WHAT YOU ARE ASKED TO DO:
Present the following entries again, word for word and in full.

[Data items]
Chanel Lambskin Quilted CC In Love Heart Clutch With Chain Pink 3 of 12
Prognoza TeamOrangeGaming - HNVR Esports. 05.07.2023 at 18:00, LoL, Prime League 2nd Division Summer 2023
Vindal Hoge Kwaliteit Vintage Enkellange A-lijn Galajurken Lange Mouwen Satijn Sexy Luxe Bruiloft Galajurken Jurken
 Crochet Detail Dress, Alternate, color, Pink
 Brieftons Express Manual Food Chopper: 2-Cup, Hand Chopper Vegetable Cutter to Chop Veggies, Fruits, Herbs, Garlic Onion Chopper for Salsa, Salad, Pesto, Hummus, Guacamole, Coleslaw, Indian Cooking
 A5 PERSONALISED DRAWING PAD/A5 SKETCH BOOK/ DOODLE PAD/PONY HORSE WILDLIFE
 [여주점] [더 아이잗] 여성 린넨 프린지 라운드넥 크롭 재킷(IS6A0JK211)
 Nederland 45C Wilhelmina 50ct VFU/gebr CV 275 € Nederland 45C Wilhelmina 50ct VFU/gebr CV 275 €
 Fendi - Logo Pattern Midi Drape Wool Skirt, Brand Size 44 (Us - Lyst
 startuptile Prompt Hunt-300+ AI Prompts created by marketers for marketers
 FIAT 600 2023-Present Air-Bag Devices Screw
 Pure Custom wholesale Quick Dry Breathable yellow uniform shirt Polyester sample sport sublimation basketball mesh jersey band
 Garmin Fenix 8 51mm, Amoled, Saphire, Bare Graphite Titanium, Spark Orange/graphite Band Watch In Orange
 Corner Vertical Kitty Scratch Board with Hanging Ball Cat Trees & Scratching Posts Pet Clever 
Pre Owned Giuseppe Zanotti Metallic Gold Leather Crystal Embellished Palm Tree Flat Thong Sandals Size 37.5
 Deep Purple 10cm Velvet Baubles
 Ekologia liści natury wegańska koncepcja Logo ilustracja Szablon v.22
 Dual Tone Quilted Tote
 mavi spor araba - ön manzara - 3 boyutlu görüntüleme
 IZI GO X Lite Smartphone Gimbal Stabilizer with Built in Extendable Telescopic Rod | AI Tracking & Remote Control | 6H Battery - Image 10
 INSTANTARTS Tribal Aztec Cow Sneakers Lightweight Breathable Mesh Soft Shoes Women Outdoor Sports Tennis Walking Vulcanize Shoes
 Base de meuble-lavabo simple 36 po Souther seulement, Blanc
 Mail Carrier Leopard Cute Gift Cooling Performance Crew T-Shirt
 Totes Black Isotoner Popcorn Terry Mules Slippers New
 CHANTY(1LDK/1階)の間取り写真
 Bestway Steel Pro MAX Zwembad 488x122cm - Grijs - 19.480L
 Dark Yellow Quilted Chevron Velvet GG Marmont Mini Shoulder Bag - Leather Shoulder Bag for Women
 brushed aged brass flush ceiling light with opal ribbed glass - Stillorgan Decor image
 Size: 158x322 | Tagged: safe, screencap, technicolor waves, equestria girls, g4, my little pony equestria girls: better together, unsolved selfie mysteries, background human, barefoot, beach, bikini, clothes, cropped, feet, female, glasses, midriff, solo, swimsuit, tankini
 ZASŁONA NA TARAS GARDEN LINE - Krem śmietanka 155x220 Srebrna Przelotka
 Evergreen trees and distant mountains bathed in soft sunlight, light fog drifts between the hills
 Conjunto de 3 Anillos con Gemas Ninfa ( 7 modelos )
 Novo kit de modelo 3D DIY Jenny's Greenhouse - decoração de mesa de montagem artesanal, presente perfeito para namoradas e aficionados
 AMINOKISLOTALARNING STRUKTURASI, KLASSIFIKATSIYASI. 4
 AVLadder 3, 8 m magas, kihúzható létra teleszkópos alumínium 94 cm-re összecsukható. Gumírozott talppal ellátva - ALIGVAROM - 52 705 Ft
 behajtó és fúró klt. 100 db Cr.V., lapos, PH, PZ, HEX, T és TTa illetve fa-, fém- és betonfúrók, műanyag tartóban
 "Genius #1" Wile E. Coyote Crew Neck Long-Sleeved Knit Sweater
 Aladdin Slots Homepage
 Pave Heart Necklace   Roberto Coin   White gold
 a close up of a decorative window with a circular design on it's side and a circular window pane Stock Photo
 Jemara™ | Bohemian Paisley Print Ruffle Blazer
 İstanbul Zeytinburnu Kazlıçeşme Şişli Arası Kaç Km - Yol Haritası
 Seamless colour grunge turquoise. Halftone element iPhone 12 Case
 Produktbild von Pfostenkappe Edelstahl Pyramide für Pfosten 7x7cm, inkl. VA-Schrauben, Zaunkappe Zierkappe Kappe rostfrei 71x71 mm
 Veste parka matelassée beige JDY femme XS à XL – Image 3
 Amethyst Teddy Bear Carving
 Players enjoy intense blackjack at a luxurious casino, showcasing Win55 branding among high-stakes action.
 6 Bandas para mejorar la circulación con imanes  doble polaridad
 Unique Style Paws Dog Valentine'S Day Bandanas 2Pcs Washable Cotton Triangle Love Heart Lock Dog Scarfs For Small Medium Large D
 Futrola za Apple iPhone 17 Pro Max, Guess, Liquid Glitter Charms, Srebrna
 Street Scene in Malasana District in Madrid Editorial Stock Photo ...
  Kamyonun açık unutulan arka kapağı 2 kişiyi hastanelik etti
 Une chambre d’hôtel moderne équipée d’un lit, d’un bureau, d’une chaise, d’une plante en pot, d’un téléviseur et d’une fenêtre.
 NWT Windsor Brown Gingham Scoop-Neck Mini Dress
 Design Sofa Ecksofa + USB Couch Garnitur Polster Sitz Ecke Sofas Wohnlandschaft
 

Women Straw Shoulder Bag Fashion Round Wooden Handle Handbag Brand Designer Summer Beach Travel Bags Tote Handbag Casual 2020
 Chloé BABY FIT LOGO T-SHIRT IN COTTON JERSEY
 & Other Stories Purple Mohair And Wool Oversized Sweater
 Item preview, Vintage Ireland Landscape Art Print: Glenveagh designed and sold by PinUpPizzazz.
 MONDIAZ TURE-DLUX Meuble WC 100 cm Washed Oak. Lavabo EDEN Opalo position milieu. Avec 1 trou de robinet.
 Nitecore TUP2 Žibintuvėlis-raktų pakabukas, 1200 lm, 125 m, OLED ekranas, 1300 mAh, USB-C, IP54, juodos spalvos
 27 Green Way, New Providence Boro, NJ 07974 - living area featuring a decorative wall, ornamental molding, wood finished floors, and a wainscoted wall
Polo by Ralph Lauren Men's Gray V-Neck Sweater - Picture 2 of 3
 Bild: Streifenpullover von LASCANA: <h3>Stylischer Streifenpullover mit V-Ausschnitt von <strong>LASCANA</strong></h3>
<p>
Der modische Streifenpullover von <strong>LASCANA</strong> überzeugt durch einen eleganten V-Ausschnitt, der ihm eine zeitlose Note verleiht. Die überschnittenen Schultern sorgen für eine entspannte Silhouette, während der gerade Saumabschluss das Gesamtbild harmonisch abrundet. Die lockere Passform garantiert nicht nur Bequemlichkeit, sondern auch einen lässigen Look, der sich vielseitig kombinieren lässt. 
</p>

RESULT OF THIS TASK:
Chanel Lambskin Quilted CC In Love Heart Clutch With Chain Pink 3 of 12
Prognoza TeamOrangeGaming - HNVR Esports. 05.07.2023 at 18:00, LoL, Prime League 2nd Division Summer 2023
Vindal Hoge Kwaliteit Vintage Enkellange A-lijn Galajurken Lange Mouwen Satijn Sexy Luxe Bruiloft Galajurken Jurken
 Crochet Detail Dress, Alternate, color, Pink
 Brieftons Express Manual Food Chopper: 2-Cup, Hand Chopper Vegetable Cutter to Chop Veggies, Fruits, Herbs, Garlic Onion Chopper for Salsa, Salad, Pesto, Hummus, Guacamole, Coleslaw, Indian Cooking
 A5 PERSONALISED DRAWING PAD/A5 SKETCH BOOK/ DOODLE PAD/PONY HORSE WILDLIFE
 [여주점] [더 아이잗] 여성 린넨 프린지 라운드넥 크롭 재킷(IS6A0JK211)
 Nederland 45C Wilhelmina 50ct VFU/gebr CV 275 € Nederland 45C Wilhelmina 50ct VFU/gebr CV 275 €
 Fendi - Logo Pattern Midi Drape Wool Skirt, Brand Size 44 (Us - Lyst
 startuptile Prompt Hunt-300+ AI Prompts created by marketers for marketers
 FIAT 600 2023-Present Air-Bag Devices Screw
 Pure Custom wholesale Quick Dry Breathable yellow uniform shirt Polyester sample sport sublimation basketball mesh jersey band
 Garmin Fenix 8 51mm, Amoled, Saphire, Bare Graphite Titanium, Spark Orange/graphite Band Watch In Orange
 Corner Vertical Kitty Scratch Board with Hanging Ball Cat Trees & Scratching Posts Pet Clever 
Pre Owned Giuseppe Zanotti Metallic Gold Leather Crystal Embellished Palm Tree Flat Thong Sandals Size 37.5
 Deep Purple 10cm Velvet Baubles
 Ekologia liści natury wegańska koncepcja Logo ilustracja Szablon v.22
 Dual Tone Quilted Tote
 mavi spor araba - ön manzara - 3 boyutlu görüntüleme
 IZI GO X Lite Smartphone Gimbal Stabilizer with Built in Extendable Telescopic Rod | AI Tracking & Remote Control | 6H Battery - Image 10
 INSTANTARTS Tribal Aztec Cow Sneakers Lightweight Breathable Mesh Soft Shoes Women Outdoor Sports Tennis Walking Vulcanize Shoes
 Base de meuble-lavabo simple 36 po Souther seulement, Blanc
 Mail Carrier Leopard Cute Gift Cooling Performance Crew T-Shirt
 Totes Black Isotoner Popcorn Terry Mules Slippers New
 CHANTY(1LDK/1階)の間取り写真
 Bestway Steel Pro MAX Zwembad 488x122cm - Grijs - 19.480L
 Dark Yellow Quilted Chevron Velvet GG Marmont Mini Shoulder Bag - Leather Shoulder Bag for Women
 brushed aged brass flush ceiling light with opal ribbed glass - Stillorgan Decor image
 Size: 158x322 | Tagged: safe, screencap, technicolor waves, equestria girls, g4, my little pony equestria girls: better together, unsolved selfie mysteries, background human, barefoot, beach, bikini, clothes, cropped, feet, female, glasses, midriff, solo, swimsuit, tankini
 ZASŁONA NA TARAS GARDEN LINE - Krem śmietanka 155x220 Srebrna Przelotka
 Evergreen trees and distant mountains bathed in soft sunlight, light fog drifts between the hills
 Conjunto de 3 Anillos con Gemas Ninfa ( 7 modelos )
 Novo kit de modelo 3D DIY Jenny's Greenhouse - decoração de mesa de montagem artesanal, presente perfeito para namoradas e aficionados
 AMINOKISLOTALARNING STRUKTURASI, KLASSIFIKATSIYASI. 4
 AVLadder 3, 8 m magas, kihúzható létra teleszkópos alumínium 94 cm-re összecsukható. Gumírozott talppal ellátva - ALIGVAROM - 52 705 Ft
 behajtó és fúró klt. 100 db Cr.V., lapos, PH, PZ, HEX, T és TTa illetve fa-, fém- és betonfúrók, műanyag tartóban
 "Genius #1" Wile E. Coyote Crew Neck Long-Sleeved Knit Sweater
 Aladdin Slots Homepage
 Pave Heart Necklace   Roberto Coin   White gold
 a close up of a decorative window with a circular design on it's side and a circular window pane Stock Photo
 Jemara™ | Bohemian Paisley Print Ruffle Blazer
 İstanbul Zeytinburnu Kazlıçeşme Şişli Arası Kaç Km - Yol Haritası
 Seamless colour grunge turquoise. Halftone element iPhone 12 Case
 Produktbild von Pfostenkappe Edelstahl Pyramide für Pfosten 7x7cm, inkl. VA-Schrauben, Zaunkappe Zierkappe Kappe rostfrei 71x71 mm
 Veste parka matelassée beige JDY femme XS à XL – Image 3
 Amethyst Teddy Bear Carving
 Players enjoy intense blackjack at a luxurious casino, showcasing Win55 branding among high-stakes action.
 6 Bandas para mejorar la circulación con imanes  doble polaridad
 Unique Style Paws Dog Valentine'S Day Bandanas 2Pcs Washable Cotton Triangle Love Heart Lock Dog Scarfs For Small Medium Large D
 Futrola za Apple iPhone 17 Pro Max, Guess, Liquid Glitter Charms, Srebrna
 Street Scene in Malasana District in Madrid Editorial Stock Photo ...
  Kamyonun açık unutulan arka kapağı 2 kişiyi hastanelik etti
 Une chambre d’hôtel moderne équipée d’un lit, d’un bureau, d’une chaise, d’une plante en pot, d’un téléviseur et d’une fenêtre.
 NWT Windsor Brown Gingham Scoop-Neck Mini Dress
 Design Sofa Ecksofa + USB Couch Garnitur Polster Sitz Ecke Sofas Wohnlandschaft
 

Women Straw Shoulder Bag Fashion Round Wooden Handle Handbag Brand Designer Summer Beach Travel Bags Tote Handbag Casual 2020
 Chloé BABY FIT LOGO T-SHIRT IN COTTON JERSEY
 & Other Stories Purple Mohair And Wool Oversized Sweater
 Item preview, Vintage Ireland Landscape Art Print: Glenveagh designed and sold by PinUpPizzazz.
 MONDIAZ TURE-DLUX Meuble WC 100 cm Washed Oak. Lavabo EDEN Opalo position milieu. Avec 1 trou de robinet.
 Nitecore TUP2 Žibintuvėlis-raktų pakabukas, 1200 lm, 125 m, OLED ekranas, 1300 mAh, USB-C, IP54, juodos spalvos
 27 Green Way, New Providence Boro, NJ 07974 - living area featuring a decorative wall, ornamental molding, wood finished floors, and a wainscoted wall
Polo by Ralph Lauren Men's Gray V-Neck Sweater - Picture 2 of 3
 Bild: Streifenpullover von LASCANA: <h3>Stylischer Streifenpullover mit V-Ausschnitt von <strong>LASCANA</strong></h3>
<p>
Der modische Streifenpullover von <strong>LASCANA</strong> überzeugt durch einen eleganten V-Ausschnitt, der ihm eine zeitlose Note verleiht. Die überschnittenen Schultern sorgen für eine entspannte Silhouette, während der gerade Saumabschluss das Gesamtbild harmonisch abrundet. Die lockere Passform garantiert nicht nur Bequemlichkeit, sondern auch einen lässigen Look, der sich vielseitig kombinieren lässt. 
</p>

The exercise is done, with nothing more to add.